Le mariage de Pavel, Jean-Pierre Milovanoff
Le mariage de Pavel, octobre 2015, 202 pages, 17 €
Ecrivain(s): Jean-Pierre Milovanoff Edition: Grasset
Le mariage de Pavel est un roman sur l’exil : ses motivations d’origine, ses conséquences attendues ou imprévues, ses conditions de survenance, ses traces sur les vies des individus un jour ou l’autre concernés par cet acte. Pavel, personnage principal, est un russe blanc ; il a fui à l’âge de quinze ans sa famille et son pays pour échapper à une mort quasi-certaine, lui le jeune bourgeois issu d’une école militaire tsariste et à ce titre « ennemi de classe ». Après avoir traversé l’Ukraine dévastée par la guerre civile, il parvient à Sébastopol, gagne Constantinople et parvient enfin en France, où il devient ingénieur dans les Cévennes. Il y rencontre deux sœurs, Rénata, institutrice, et Odine, danseuse chorégraphe. Il épouse Renata. Un soir d’été, il décrit à son fils Jean-Pierre ce qu’il a ressenti, vraiment, depuis son départ de Russie. Et c’est toute une série d’impressions, de réflexions, de constats que nous livre Pavel, pour arriver à un état des lieux de l’exil presque complet. Ainsi, il examine les conditions de décision, les circonstances qui déclenchent ce choix :
« On doit faire vite quand on vit sous la menace. Il n’y a pas de place pour les tergiversations. Ni pour les regrets. On s’exile par nécessité, souvent dans l’urgence, quelquefois avec enthousiasme ».

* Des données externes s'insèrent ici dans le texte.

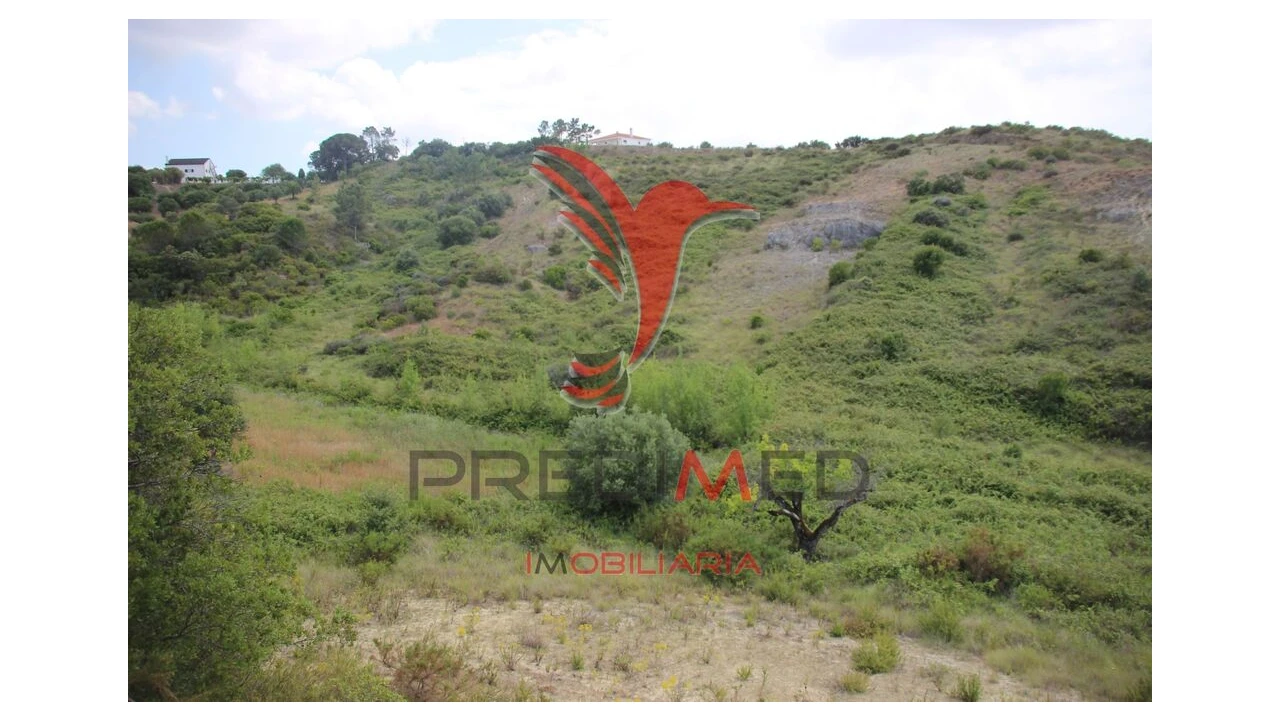 Terreno para Venda em Chancelaria Foto 12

Pourtant, au-delà de la confrontation immédiate au drame et à la nécessité, Pavel trouve d’autres motivations à l’exil plus irrationnelles :
« Il y avait une part d’illusion, naturellement. D’enthousiasme, si tu préfères. Je me croyais capable de toutes les métamorphoses que l’exil exigerait ! J’ai lu Voltaire, Victor Hugo, Zola ».
Pavel fait également le récit des circonstances qui l’ont poussé à quitter Berdiansk, en proie à la fièvre révolutionnaire, aux exécutions des individus devenus indésirables, dont Pavel apprend incidemment qu’il fait partie, en raison de ses origines. On pense, à la lecture de ce passage du roman, à Isaac Babel dans son Journal pétersbourgeois, décrivant froidement les scènes de la guerre civile.

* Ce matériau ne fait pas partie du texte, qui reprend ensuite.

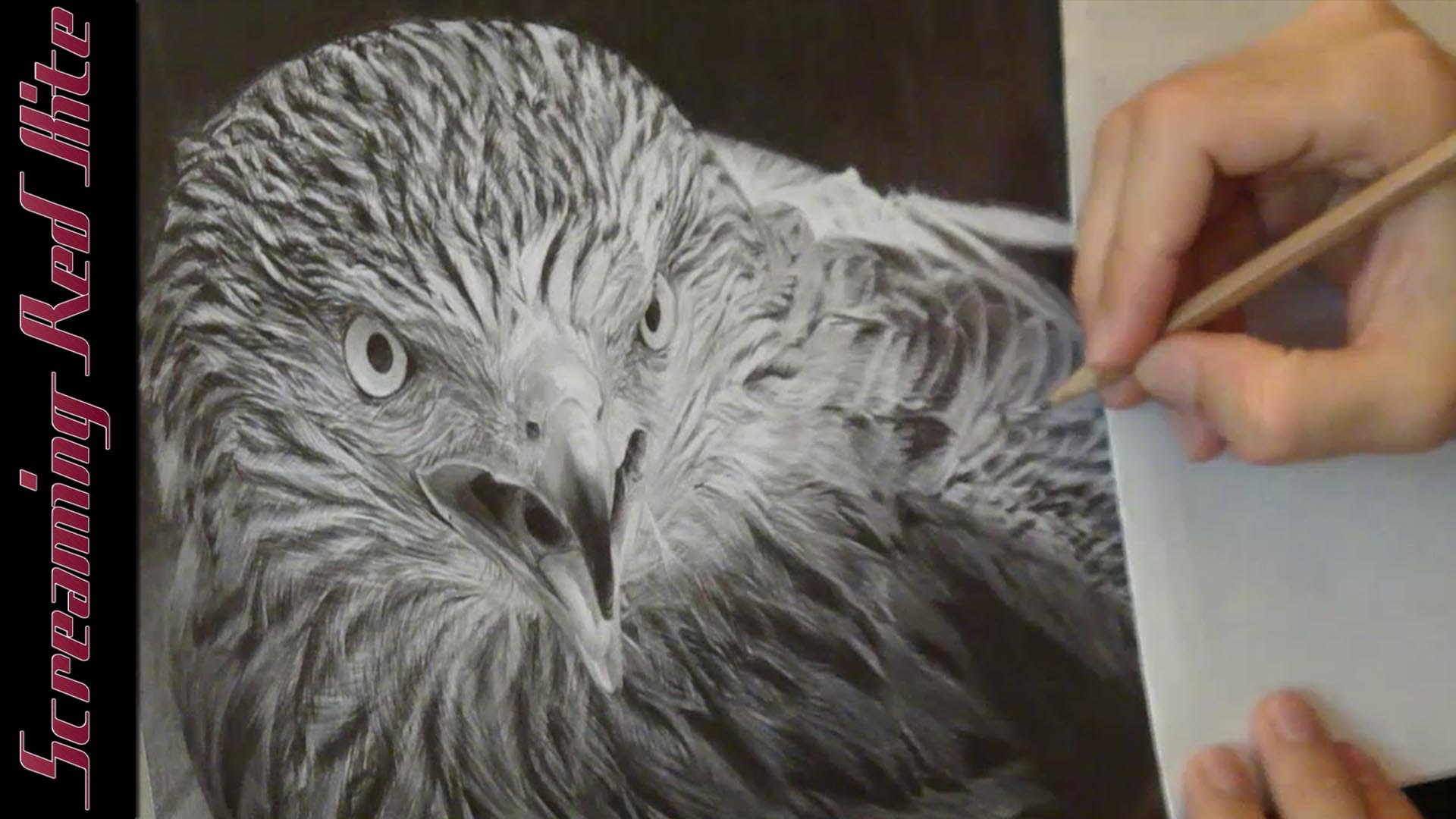 1920x1080 Screaming Red Kite Drawing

On revient à l’histoire personnelle de Pavel par le bilan qu’il fait, des conséquences du changement de langue et de la persistance du souvenir de la Russie :
« Où que je me trouve (…) je suis rattrapé par mes souvenirs de la Russie (…) Je peine à décrire mes anciennes émotions dans cette langue française que je parle mieux que beaucoup mais qui me paraît froide et abstraite par rapport au russe ».
Le mariage de Pavel est un roman pudique, apportant un éclairage significatif sur l’exil, comme condition de l’être humain, comme catalyseur d’une vie individuelle. A recommander.